[…] A esse tipo de corrente no interior do aparelho, partindo do desprazer e apostando para o prazer, demos o nome de “desejo”; afirmamos que só o desejo é capaz de pôr o aparelho em movimento e que o curso da excitação dentro dele é automaticamente regulado pelas sensações de prazer e desprazer. O primeiro desejar parece ter consistido numa catexização alucinatória da lembrança da satisfação. Essas alucinações, contudo, não podendo ser mantidas até o esgotamento, mostram-se insuficientes para promover a cessação da necessidade, ou, por conseguinte, o prazer ligado à satisfação (Freud, 1900/1996, p. 624-625).
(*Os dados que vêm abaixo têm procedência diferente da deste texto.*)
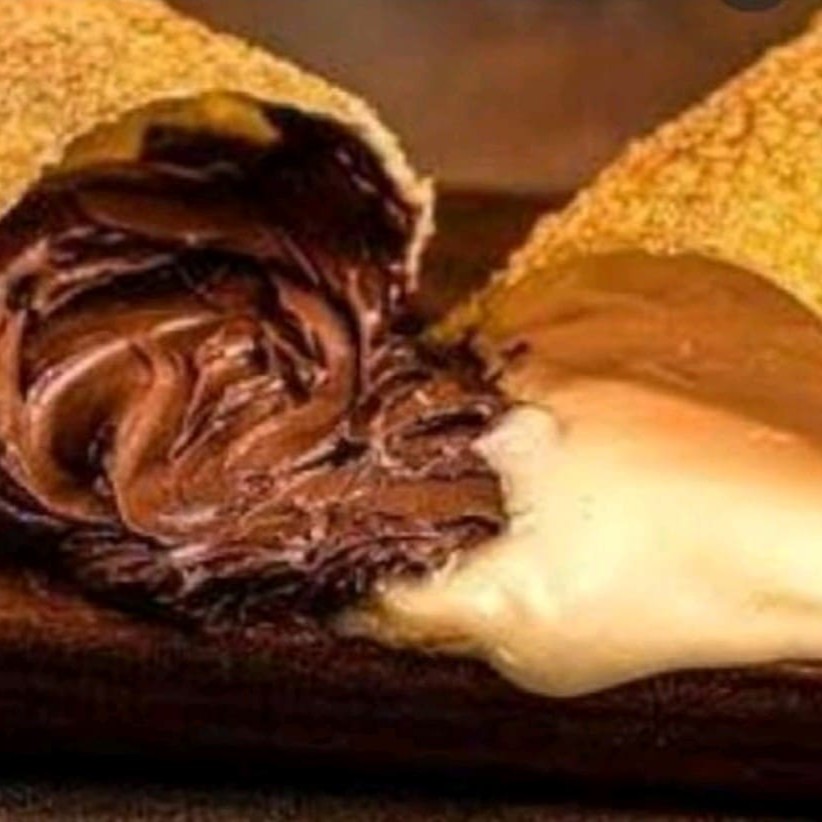 O Pastel de Chocolate é uma irresistível opção da categoria doce. Nesse pastel, oferecemos a opção de escolha do chocolate de sua preferência e até a combinação de chocolates. Nosso famoso 2 amores: chocolate ao leite com chocolate branco; ou até mesmo o 3 amores, sendo adicionado doce de leite. Oferecemos a opção de ser feito com um recheio forneável irresistivelmente cremoso ou com pedaços generosos de chocolate em barra de sua preferência.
No capítulo VII de A interpretação dos sonhos, Freud estabelece uma noção do funcionamento do aparelho psíquico. Partindo do modelo baseado no arco-reflexo, ele propõe uma segunda hipótese em que trabalha com o princípio do prazer-desprazer, de modo que o aumento da excitação é lido como desprazer, ao passo que a redução da estimulação é vivida como uma experiência prazerosa. Freud supõe que o aparelho psíquico se coloca em busca de um prazer primevo, vivido numa primeira experiência de satisfação (Freud, 1900/1996).
Trata-se de uma experiência mítica, marcada no psiquismo por meio de traços de memória inconscientes, para a qual o sujeito sempre se volta. Este movimento é, essencialmente, o que constitui o desejo. Freud trata o desejo, portanto, como algo que faz o sujeito retornar a um estado anterior a fim de reviver as primeiras experiências de satisfação. Desse modo, o desejo freudiano não se dirige a nenhum objeto propriamente; ele se realiza de modo alucinatório, não sendo de sua natureza ser satisfeito, apaziguado, mas sim realizado, concretizado (Hanns, 1996).
Se Freud afirma que o sonho é a realização de um desejo inconsciente, podemos entender que ela não se inscreve na realidade, pois funciona como uma experiência alucinada durante o sono. Assim, a dimensão do desejo não tem outra realidade que não a de uma realidade psíquica. Sua marca é a falta, é a busca pela satisfação e assim também se constitui como algo de mais singular e metonímico de cada sujeito.